Yet it is hard to escape the conclusion, that Dawkins has a grudging respect for fundamentalist Christianity.  We know that he considers himself a “cultural Christian“, but it’s more than that.

Here is a fascinating post that Richard Dawkins put up about religion in Africa:

Given that Islam is such an unmitigated evil, and looking at the map supplied by this Christian site, should we be supporting Christian missions in Africa? My answer is still no, but I thought it was worth raising the question. Given that atheism hasn’t any chance in Africa for the foreseeable future, could our enemy’s enemy be our friend?

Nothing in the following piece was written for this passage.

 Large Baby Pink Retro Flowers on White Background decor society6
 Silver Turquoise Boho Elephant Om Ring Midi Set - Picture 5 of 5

Dawkins posts this map to illustrate his point:

A few things:

  • Isn’t this map a teency bit simplistic?
  • If Dawkins thinks that Christianity is a unique type of evil, why would he want to unleash it on Africa?
  • Shouldn’t he be offering support to African atheists and skeptics, rather than giving up on them completely?
  • Surely if Dawkins really believes in the atheist movement’s superior logic and reasoning, how could he possibly consider supporting Christian missions?
  • Why does Dawkins think that Christianity possesses a persuasive power that atheism doesn’t?

I think Dawkins has a bit of an identity crisis right now, and he needs to work out who he is. Is he a crusading atheist on a messianic mission, whose goal it is to eliminate superstition and usher in a new dawn of reason and right-thinking? Or rather, is he interested in opposing Islam because it is a uniquely evil religion? Is Dawkins on the road to dropping his hostility against Christianity altogether, so that he can have a spiritual ally against Islam?

Herein lies the conundrum.

Dawkins says he thinks religion alone makes good people do evil things. This is his polemical argument, and he has begun to believe his own propaganda. If he seriously opposes the evil committed in the name of Islam, he could be talking about ways to help liberal Muslims stem the tide of reactionary ideas.

Instead, Dawkins takes the absolute opposite position. Behind every moderate believer is either a fundamentalist, an idiot or a hypocrite.

Despite this, he thinks Christianity (a special kind of evil) is a formidable weapon against Islam (an unmitigated evil), and is far more effective than skeptic thought.

In the end, is this what it all comes down to?